Interest rates are low.
The typical historical range of the benchmark US 10-year treasury note has been 3% to 7% (though in 1980 it went as high as 12%). This year it has mostly been below 1%.
Instead of the usual 4% or 5%, mortgage rates are around 3%.
This is a result of expansive credit policies by the monetary authorities. Why? Because of the corona virus economic impact? Well, yes, but we’ve been in an era of expansive credit policies (“easy money”) for decades. Alan Greenspan started things going in that direction in 1999 when there was anxiety about the impact of Y2K. He stimulated the economy with more easy credit after the tech bubble burst in 2001. Then: a flood of money after the Great Financial Crisis of 2008; a deluge now with the pandemic recession.
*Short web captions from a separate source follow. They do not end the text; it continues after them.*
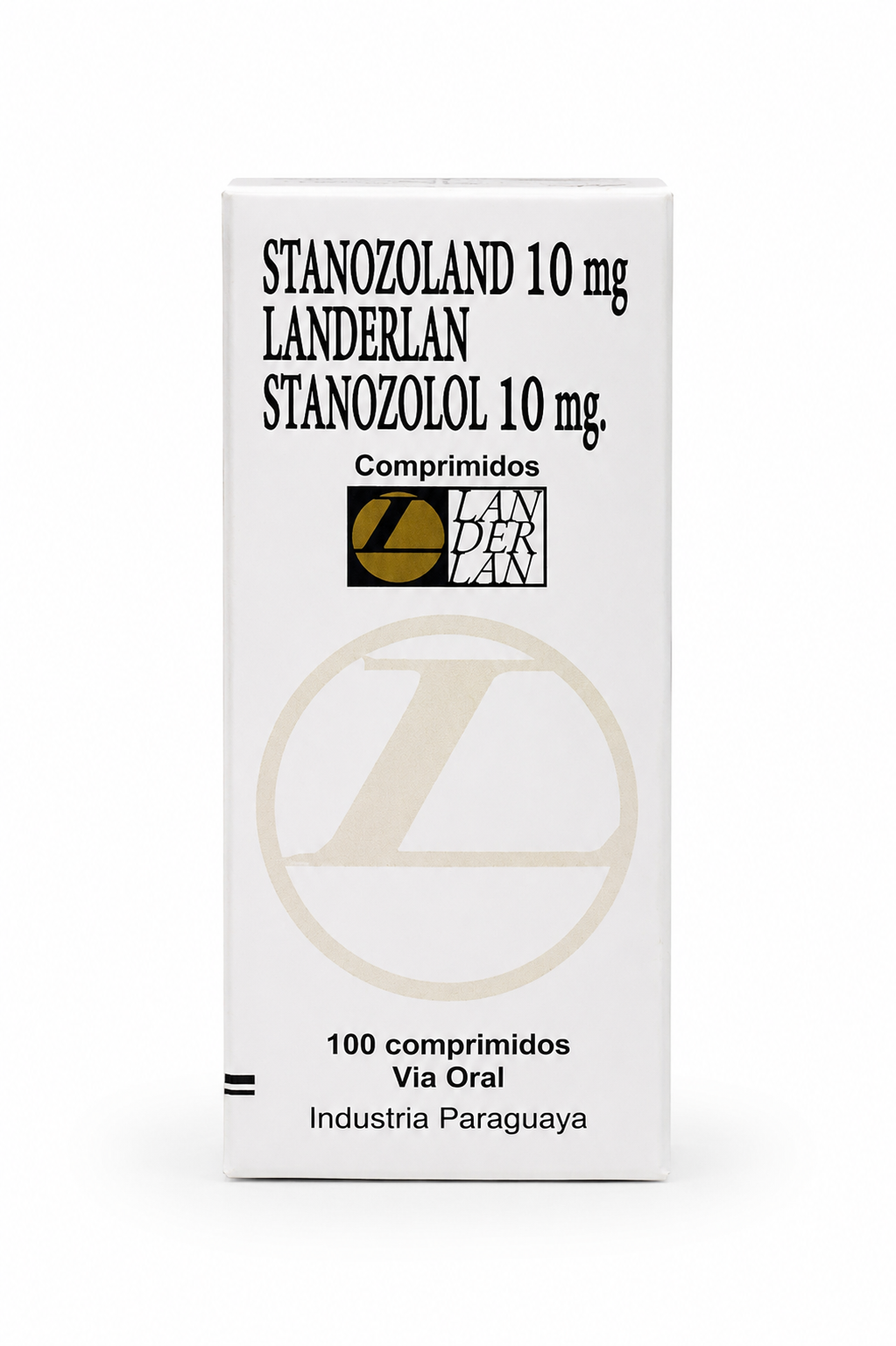 Stanozolol 10 mg (100 comprimidos)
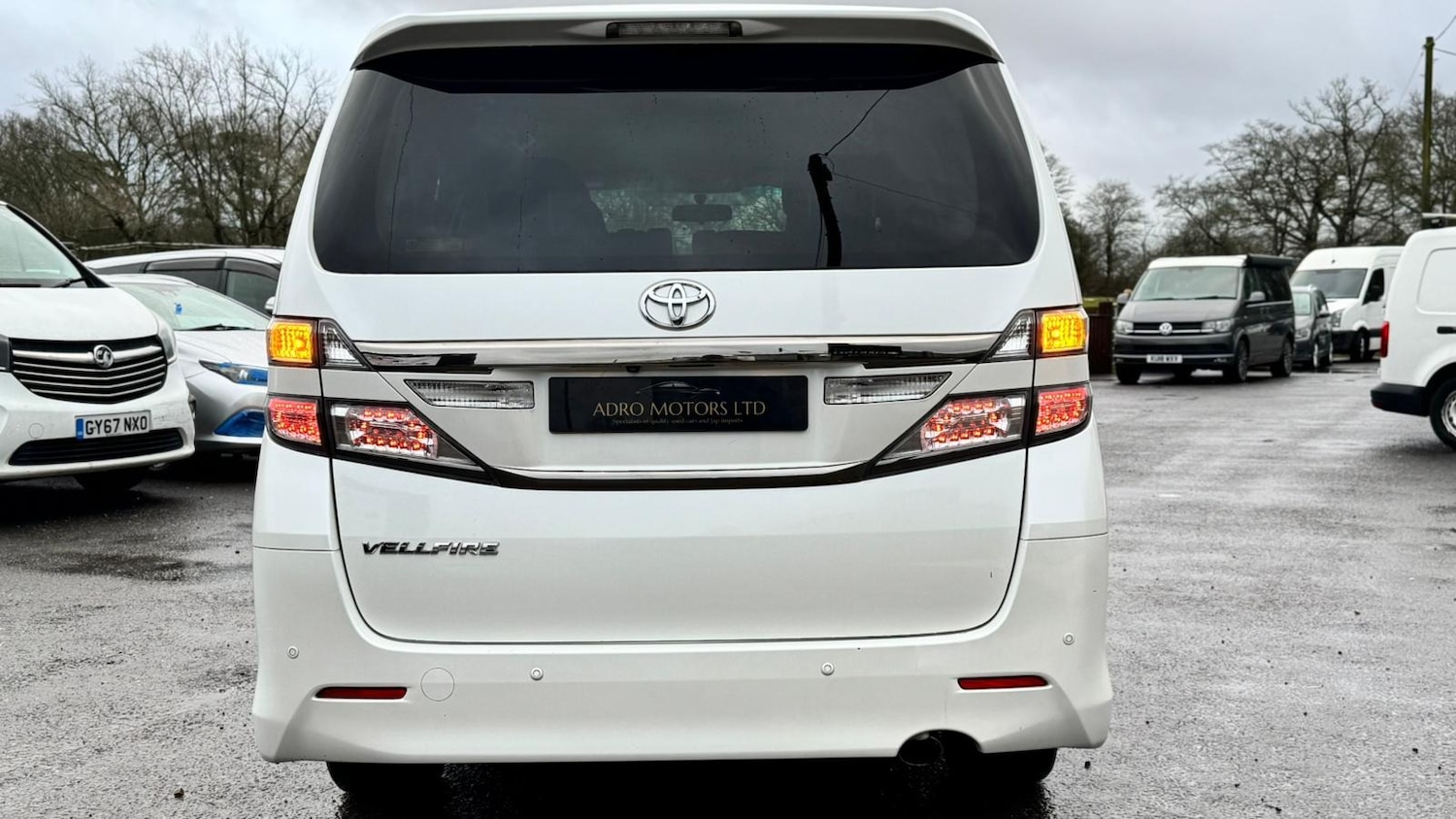 Used Toyota Vellfire 2012 for sale - 77476710: Photo 7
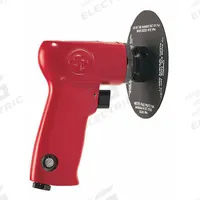 CHICAGO PNEUMATIC Air Disc Sander: 3 in_4 1/2 in_5 1/2 in Pad, Hook and Loop, Light Duty, 0.5 hp (MPN CP9778). Key specifications — attr1320237: CHICAGO PNEUMATIC; attr1320246: Rear.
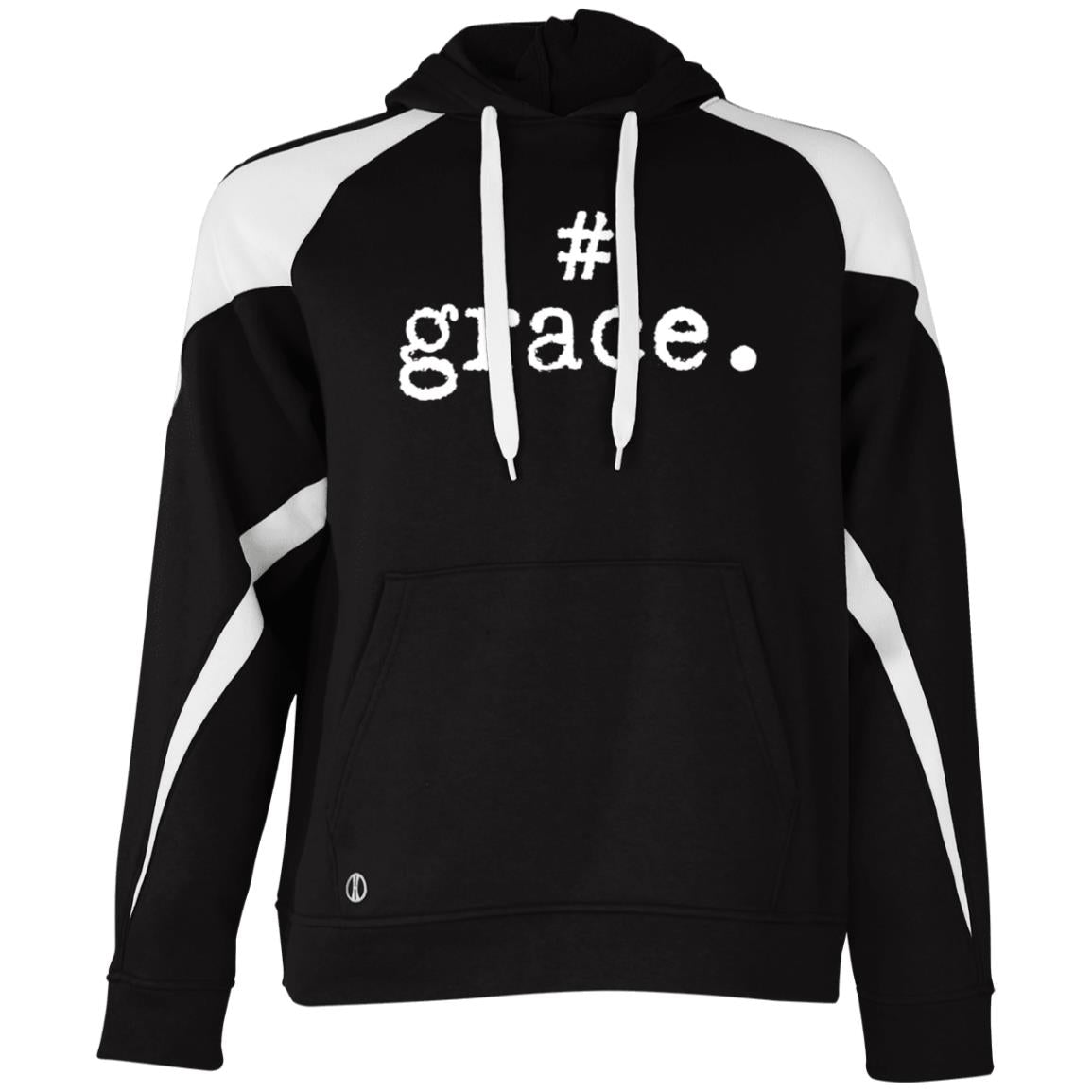COGTHEBIGSMOKE　GRACE SWEATSHIRTS　Ｆ Grace Athletic Colorblock Fleece Hoodie – G-Swag Apparel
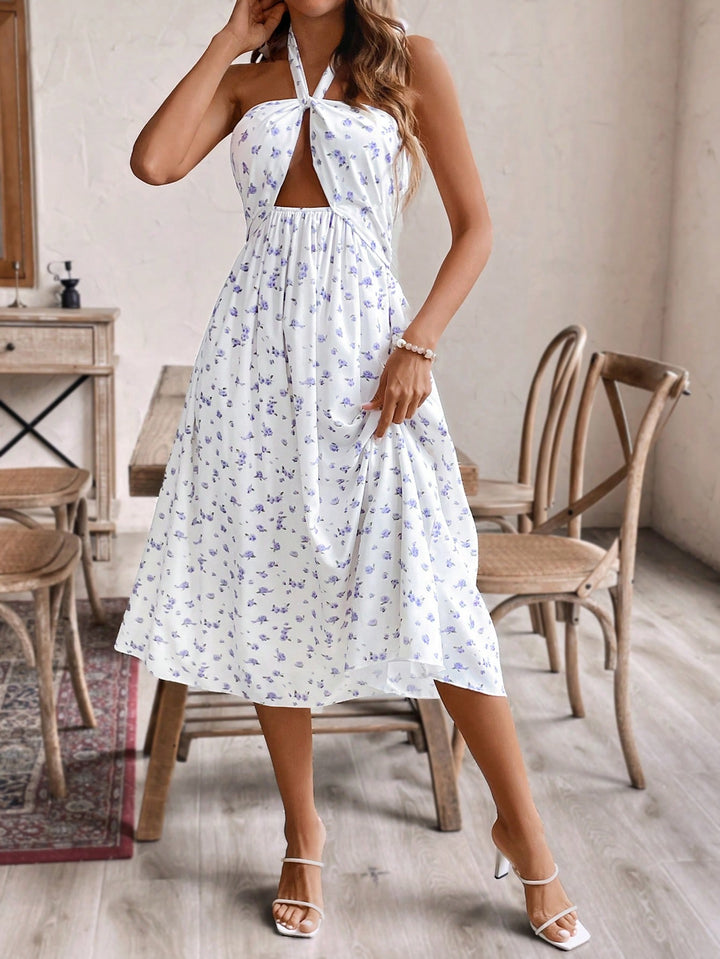 Rochie midi SHEIN, alb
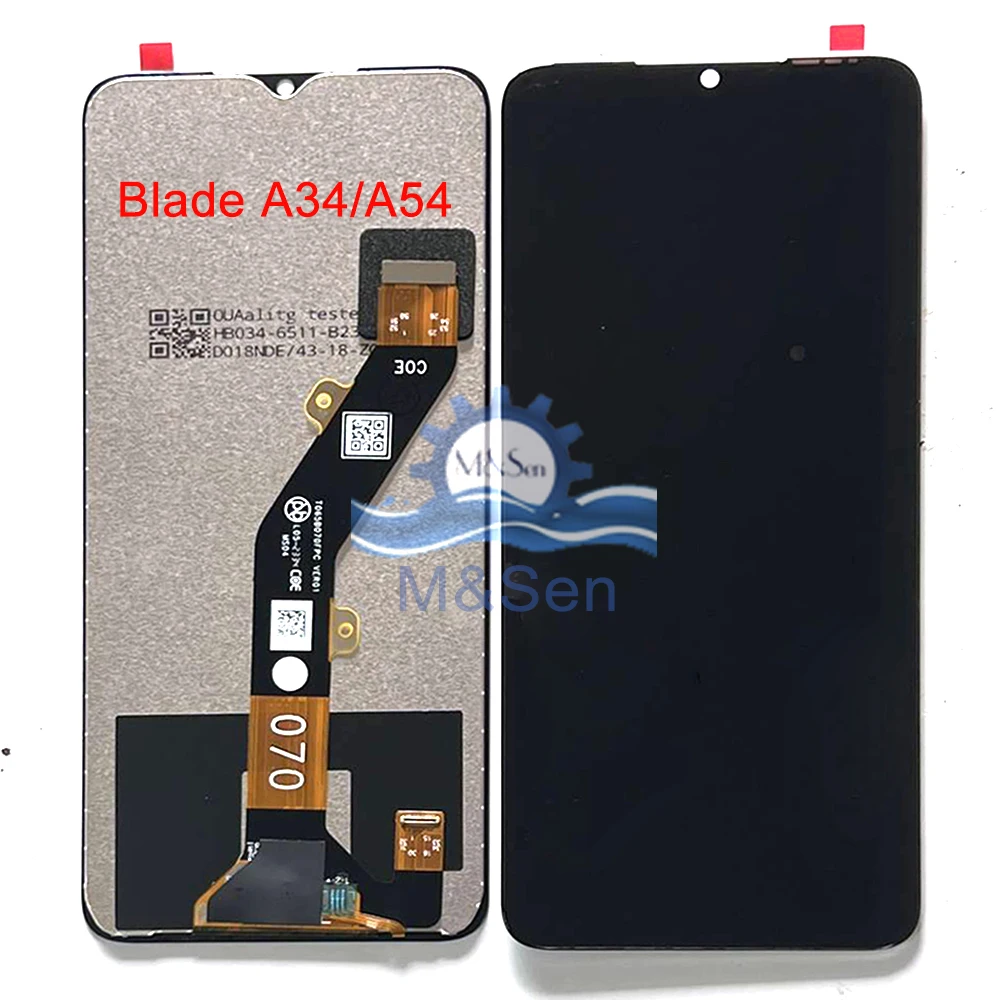 For ZTE Blade A33S L220 LCD L220 Display Screen Touch Panel Digitizer For ZTE Blade A34 LCD Display Blade A54 LCD Frame Screen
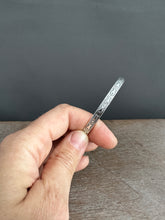 Load image into Gallery viewer, Sterling silver fish cuff bracelet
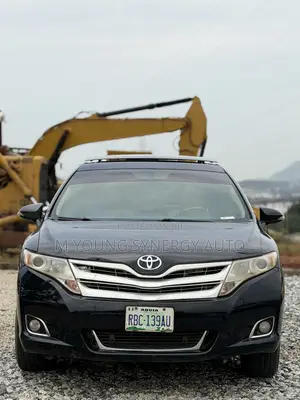 Toyota Venza AWD 2011 Black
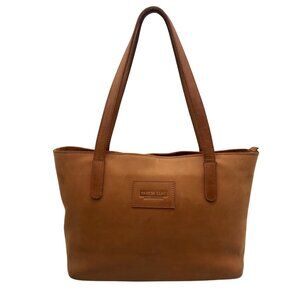 Parker Clay Tan Leather Eden Carryall Tote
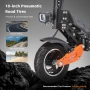 Halo Knight T102 електрически скутер 1200W, снимка 3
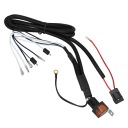 КОМПЛЕКТ PRZEKAZNIKA ПРОВОДКИ ПРОВОДІВ СИГНАЛУ 12 V 50 W 1.9 M КАБЕЛЬ DO ВАНТАЖІВКИ МОТОЦИКЛА АВТОМОБІЛЬНОГО  фото 7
“Hard money” economists have been voicing concern that all the easy credit and low interest rates will result in inflation. The increase in money circulating has been greater than any increases in production. More money chasing the same number of goods should result in inflation. But that has not been the case.
Consumer price inflation has been low. So where did the deluge of money go?
It went into financial assets. Prices of stocks and bonds have soared.
There has been a lot of inflation, after all. The top 10% own the bulk of the outstanding financial assets. So they ain’t complaining. The middle classes have seen their 401(k)’s increase in value. So they’re not complaining. The rest of the population doesn’t much follow the financial markets, so they’re not particularly aware.
But the process is insidious. It does devalue the currency. And it exacerbates the egregious inequality that has become a hallmark of our times.